Tags: #Intriga, policiaco

Grotesco (39 page)

—Ojalá fuera un bebé —dijo mi hermana mirando con envidia al niño que descansaba en brazos de su madre—. Llevaría pañales, bebería leche materna, ¡y no me preocuparía por nada!

Mi hermana tenía la cara pálida y manchada de barro. Le habían salido ojeras. Era normal. Antes de esperar horas para subir al tren, habíamos pasado dos días de pie en un autobús abarrotado, de manera que estábamos totalmente exhaustos. Le dije que se apoyara en mí e intentara dormir un poco.

No sé cuánto tiempo había pasado, pero por encima de las cabezas de los demás pude ver el sol poniéndose por la ventana. Todos en el vagón estábamos callados, apretujados, y nos balanceábamos al ritmo del tren como si fuéramos un solo cuerpo. Mi hermana se despertó y me miró.

—¿Cuánto crees que queda hasta Chongqing?

No llevaba reloj, así que no tenía ni idea de qué hora era. El hombre sin dientes había oído la pregunta.

—Llegaremos a Chongqing dentro de unas dos horas. Y allí habrá gente que también querrá subir al tren. Será interesante.

—¿En Chongqing podremos comprar comida y agua? —pregunté.

El hombre desdentado se rió por lo bajo al oírme.

—No te hagas ilusiones. ¿Crees que podrás volver a subir al tren si te bajas? Por eso todo el mundo se ha traído su comida y su agua.

—¿Hay alguien que pueda compartirlo con nosotros?

—Yo lo haré.

Al oír esa respuesta me volví. Un hombre con un remendado traje Mao hecho jirones sacudía en el aire una botella bastante sucia llena de agua.

—Un trago por diez yuanes.

—Eso es demasiado.

—Entonces no bebas. Es todo lo que tengo y no pienso regalarlo.

—Déjanos dar un trago a cada uno por diez yuanes —propuso entonces mi hermana.

Yo la miré sorprendido. Tenía un aire decidido.

—Eres una buena negociadora. Trato hecho.

Nada más cerrar el trato, un joven en la otra punta del pasillo alzó una mandarina.

—¿Quieres una de éstas por diez yuanes? —gritó.
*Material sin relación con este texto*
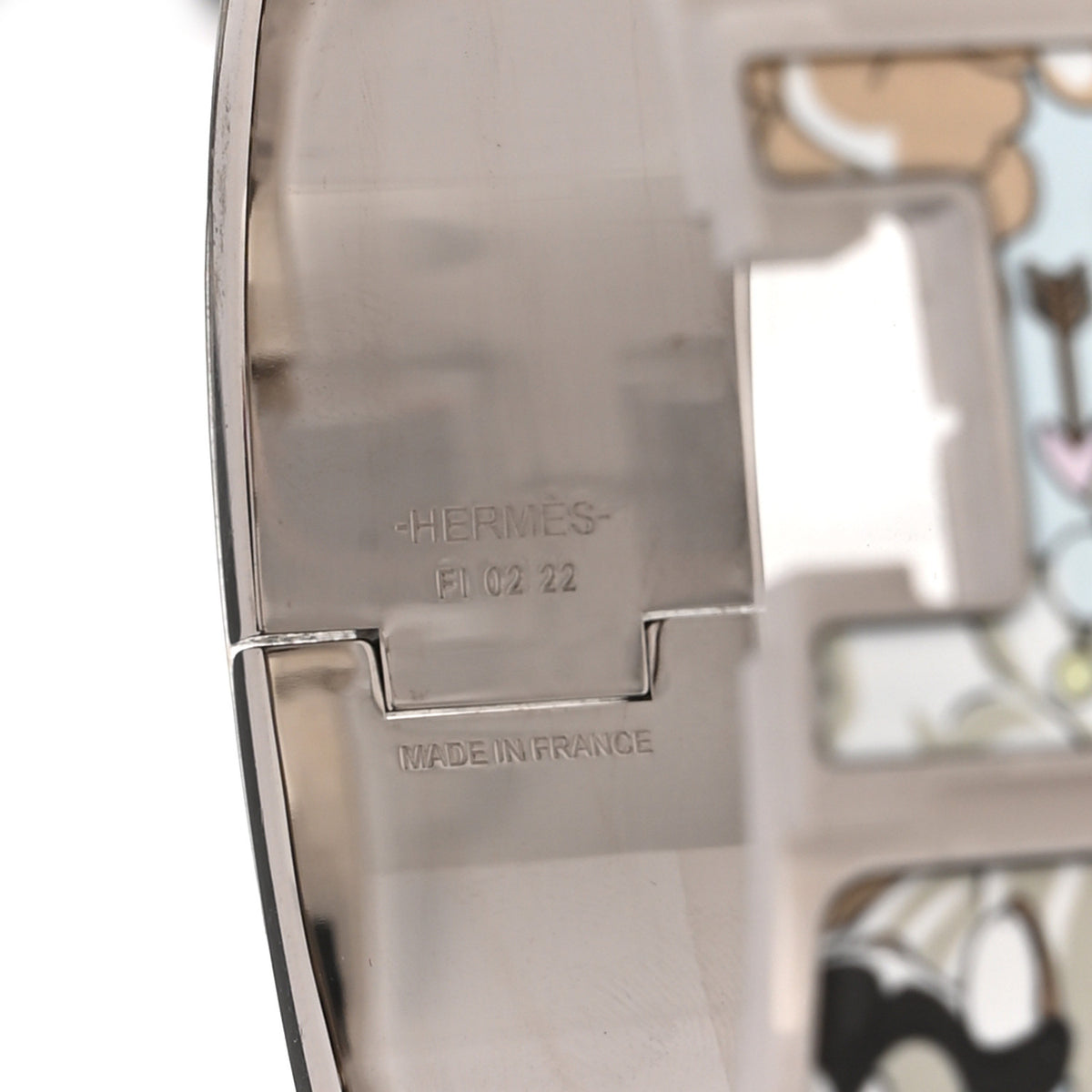 Enamel Printed Wide Dans Les Nuages Clic Clac H Bracelet PM Songe Pastel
La respuesta de mi hermana fue contundente:

—Te lo diré después de un trago de agua.

Después de beber hasta hartarse, Mei-kun me tendió la botella y susurró:

—No seas tonto y bebe todo lo que puedas. Estamos pagando diez yuanes, al fin y al cabo.

—Es verdad.

La expresión de mi hermana me sorprendió. Me llevé la botella a los labios y tragué. El agua estaba caliente y sabía a óxido, pero era lo único que había podido probar en medio día. Una vez que empecé a beber, no pude parar.

—¡Ya basta! —gritó el hombre, enfadado, pero yo lo ignoré.

—Sólo estoy tomando mi trago —repuse.

La gente a nuestro alrededor se reía con desdén.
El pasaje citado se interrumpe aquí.